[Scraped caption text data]
◇ ◇ ◇
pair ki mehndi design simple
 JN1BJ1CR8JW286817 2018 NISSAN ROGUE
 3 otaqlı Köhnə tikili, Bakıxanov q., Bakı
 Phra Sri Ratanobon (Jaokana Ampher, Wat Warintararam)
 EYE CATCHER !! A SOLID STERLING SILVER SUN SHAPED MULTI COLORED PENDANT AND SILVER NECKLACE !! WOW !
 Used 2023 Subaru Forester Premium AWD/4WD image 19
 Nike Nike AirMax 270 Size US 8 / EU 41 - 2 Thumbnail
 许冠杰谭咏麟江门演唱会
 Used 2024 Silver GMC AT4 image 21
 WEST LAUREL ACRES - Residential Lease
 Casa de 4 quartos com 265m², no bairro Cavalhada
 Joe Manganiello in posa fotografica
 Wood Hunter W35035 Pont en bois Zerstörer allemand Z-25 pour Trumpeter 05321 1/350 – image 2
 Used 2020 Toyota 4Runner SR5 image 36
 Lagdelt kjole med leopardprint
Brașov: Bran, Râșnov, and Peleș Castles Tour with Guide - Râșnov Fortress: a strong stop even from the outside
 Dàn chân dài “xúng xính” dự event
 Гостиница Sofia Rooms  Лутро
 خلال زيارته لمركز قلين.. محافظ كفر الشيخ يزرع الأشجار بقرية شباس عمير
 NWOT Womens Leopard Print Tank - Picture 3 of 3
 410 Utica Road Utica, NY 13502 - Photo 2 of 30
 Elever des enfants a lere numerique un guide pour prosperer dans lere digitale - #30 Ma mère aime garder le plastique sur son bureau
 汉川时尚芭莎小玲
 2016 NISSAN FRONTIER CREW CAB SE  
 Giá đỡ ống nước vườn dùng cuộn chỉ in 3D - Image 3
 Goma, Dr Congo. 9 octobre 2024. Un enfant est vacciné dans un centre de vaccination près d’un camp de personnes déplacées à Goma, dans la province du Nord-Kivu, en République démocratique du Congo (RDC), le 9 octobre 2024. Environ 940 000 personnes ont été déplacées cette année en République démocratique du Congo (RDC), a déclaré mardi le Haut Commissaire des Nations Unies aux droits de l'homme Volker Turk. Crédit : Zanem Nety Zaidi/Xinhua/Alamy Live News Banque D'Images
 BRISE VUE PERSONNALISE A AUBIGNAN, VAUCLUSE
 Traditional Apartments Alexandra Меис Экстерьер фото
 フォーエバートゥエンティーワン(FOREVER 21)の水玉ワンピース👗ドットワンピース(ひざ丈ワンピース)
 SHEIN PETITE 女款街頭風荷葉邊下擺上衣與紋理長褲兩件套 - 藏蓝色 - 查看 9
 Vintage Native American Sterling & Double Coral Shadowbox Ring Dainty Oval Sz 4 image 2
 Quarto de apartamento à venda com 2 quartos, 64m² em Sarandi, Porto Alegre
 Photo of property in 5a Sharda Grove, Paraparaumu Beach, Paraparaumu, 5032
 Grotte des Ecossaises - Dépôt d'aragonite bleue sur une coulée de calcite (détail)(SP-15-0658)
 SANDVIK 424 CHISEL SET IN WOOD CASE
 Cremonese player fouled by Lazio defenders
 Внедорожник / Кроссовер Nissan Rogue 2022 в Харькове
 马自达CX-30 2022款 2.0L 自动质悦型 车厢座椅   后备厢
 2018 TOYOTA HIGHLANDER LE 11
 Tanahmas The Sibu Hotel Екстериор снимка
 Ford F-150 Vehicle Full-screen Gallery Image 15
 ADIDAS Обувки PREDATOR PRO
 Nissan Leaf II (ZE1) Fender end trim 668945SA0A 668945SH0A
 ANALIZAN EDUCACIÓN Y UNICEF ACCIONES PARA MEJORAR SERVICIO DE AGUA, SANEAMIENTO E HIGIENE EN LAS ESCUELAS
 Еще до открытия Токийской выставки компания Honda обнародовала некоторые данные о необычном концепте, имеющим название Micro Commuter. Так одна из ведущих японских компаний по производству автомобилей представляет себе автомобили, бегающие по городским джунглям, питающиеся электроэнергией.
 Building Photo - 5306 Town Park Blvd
◇ ◇ ◇
Please output an exact copy of the lines above, from the opening line of the data down to the line that contains "410 Utica Road".

### [Response to this task]
pair ki mehndi design simple
 JN1BJ1CR8JW286817 2018 NISSAN ROGUE
 3 otaqlı Köhnə tikili, Bakıxanov q., Bakı
 Phra Sri Ratanobon (Jaokana Ampher, Wat Warintararam)
 EYE CATCHER !! A SOLID STERLING SILVER SUN SHAPED MULTI COLORED PENDANT AND SILVER NECKLACE !! WOW !
 Used 2023 Subaru Forester Premium AWD/4WD image 19
 Nike Nike AirMax 270 Size US 8 / EU 41 - 2 Thumbnail
 许冠杰谭咏麟江门演唱会
 Used 2024 Silver GMC AT4 image 21
 WEST LAUREL ACRES - Residential Lease
 Casa de 4 quartos com 265m², no bairro Cavalhada
 Joe Manganiello in posa fotografica
 Wood Hunter W35035 Pont en bois Zerstörer allemand Z-25 pour Trumpeter 05321 1/350 – image 2
 Used 2020 Toyota 4Runner SR5 image 36
 Lagdelt kjole med leopardprint
Brașov: Bran, Râșnov, and Peleș Castles Tour with Guide - Râșnov Fortress: a strong stop even from the outside
 Dàn chân dài “xúng xính” dự event
 Гостиница Sofia Rooms  Лутро
 خلال زيارته لمركز قلين.. محافظ كفر الشيخ يزرع الأشجار بقرية شباس عمير
 NWOT Womens Leopard Print Tank - Picture 3 of 3
 410 Utica Road Utica, NY 13502 - Photo 2 of 30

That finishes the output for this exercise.